31 July 2011

Software Frameworks: Resistance isn’t Futile

As I have previously discussed, in my opinion there are three main framework components that can be described succinctly as, libraries, rules, and templates. It is the library component that I wanted to talk about here, perhaps in a context that might be seen as more evidence in support of frameworks in certain cases. Now to recap, building a framework does not make sense for all projects, the two main scenarios that I have seen that are extremely conducive to it are an organization with multiple similar projects with similar problem domains. The second case is a medium to large project with a lot of commonality that would favor reusability across the project. One of my complaints about the Framework debate is that it is debated as a black and white argument. Either frameworks are absolutely required or the worst thing you can do. Now I am sure that many developers can anecdotally cite either side of this argument, which is what I feel really drives this debate and there is no doubt that I do this as well, but the goal, in my opinion, is to step back and look at this problem from a bigger perspective.

One place that I have found some interesting perspective is in a paper by Todd L. Veldhuizen titled: "Software Libraries and Their Reuse:Entropy, Kolmogorov Complexity, and Zipf’s Law", there is a slide version here, now a word of caution this paper is very math intensive, but it should be possible to read it and gain some insights without understanding the math, for example in the paper he states the following:

A common theme in the software reuse literature is that if we can only get the right environment in place— the right tools, the right generalizations, economic incentives, a "culture of reuse" — then reuse of software will soar, with consequent improvements in productivity and software quality. The analysis developed in this paper paints a different picture: the extent to which software reuse can occur is an intrinsic property of a problem domain, and better tools and culture can have only marginal impact on reuse rates if the domain is inherently resistant to reuse.
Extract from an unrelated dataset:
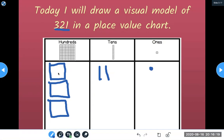Let's count together. 100, 200, 300, 310, 320, 321.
I think this is a good observation, many projects that I have worked on have exhibited characteristics that are favorable to reuse, but I have read a number of counter arguments especially by people in fast paced startups where the flux of the system evolution is potentially resistant to reusability, actually in this case it’s probably the SDLC, not necessarily the problem domain that is resistant. Also I would suspect the probability of reuse is in part inversely proportional to system size, so for small systems it’s less likely or at least will have a smaller set of reusable components, so an investment in reuse may not be seen as justified.
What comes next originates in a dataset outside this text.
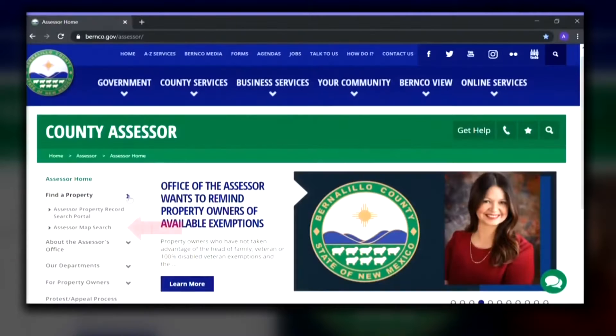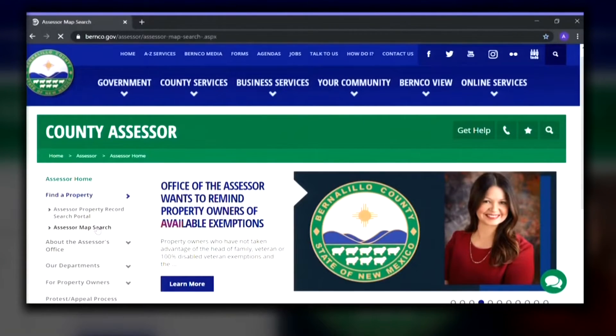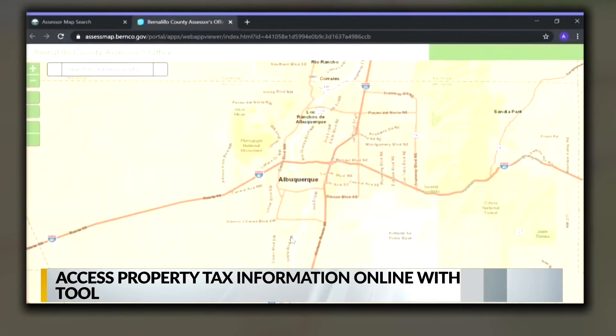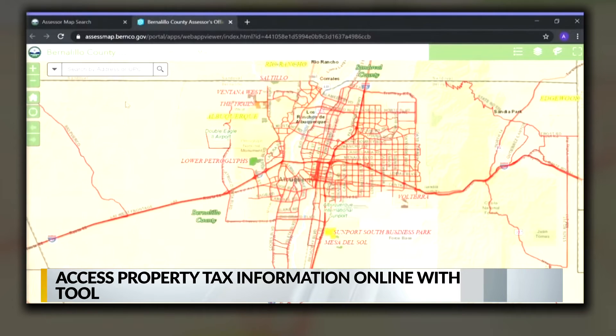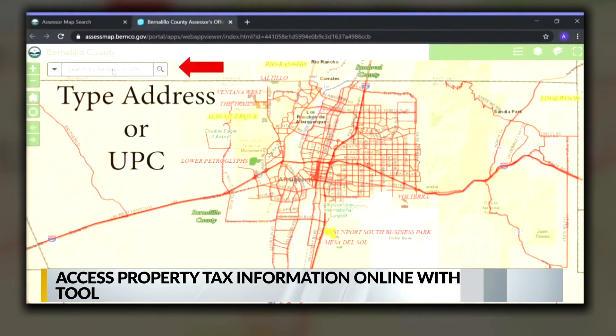The Bernalillo County Assessor's Office has created a new online tool to help with property searches. The map search is under the Find a Property heading on the Assessor's website. Once there, you can type in an address in the property search bar.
Another interesting observation from the paper is:

Under reasonable assumptions we prove that no finite library can be complete: there are always more components we can add to the library that will allow us increase reuse and make programs shorter. To make this work we need to settle a subtle interplay between the Kolmogorov complexity notion of compressibility (there is a shorter program doing the same thing) and the information theoretic notion of compressibility (low entropy over an ensemble of programs).

This is especially interesting if you have some familiarity with Information Theory, and if you don’t I recommend learning more about it. Here he is comparing characteristics of both Algorithmic Information Theory [Kolmogorov complexity] and Shannon’s Information Theory [information theoretic notion].  Roughly, Algorithmic Information Theory is concerned with the smallest algorithm to generate data and Shannon’s Information Theory is about how to represent the data in the most compact form.  These concepts are closely related to data compression and in the paper this is paralleled to the idea that reusing code, will make the system smaller in terms of lines of code, or more specifically: symbols, which effectively "compresses" the codebase.  In Algorithmic Information theory you can never really know if you have the smallest algorithm so I may be taking some liberty here, but I think the takeaway is that when trying to create reuse you can probably do it forever so one needs to temper this desire with practicality. In other words there is probably a point where any subsequent work towards reuse is a diminishing return.
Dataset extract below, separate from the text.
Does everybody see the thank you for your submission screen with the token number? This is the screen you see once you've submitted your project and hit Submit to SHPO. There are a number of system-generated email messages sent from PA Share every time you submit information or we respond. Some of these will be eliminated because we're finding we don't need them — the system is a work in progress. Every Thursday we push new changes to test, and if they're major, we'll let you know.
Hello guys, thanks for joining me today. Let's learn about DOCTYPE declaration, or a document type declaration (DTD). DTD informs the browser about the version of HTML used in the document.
I find the paper compelling and I confess that perhaps I am being bamboozled by math that I still do not fully understand, but intuitively these ideas feel right to me.  Also the application of Zipf’s law is interesting and should be pretty intuitive, once again roughly, Zipfs law relates to power curve distributions, also related to the 80/20 rule, the prime example is the frequency of English words in text, words like [and, the, some, in, etc.] are much, perhaps orders of magnitude, more common than words like [deleterious, abstruse, etc.].  This distribution shows up in things like the distribution of elements in the universe, think hydrogen vs. platinum, the wealth distribution of people you vs. Bill Gates, how many followers people have on twitter, etc. and to a smaller scale, the curve is scale invariant, in software, often some components will have a fair amount of reuse, things string copy functions, entity base classes, etc., whereas others may only have a couple of reuses.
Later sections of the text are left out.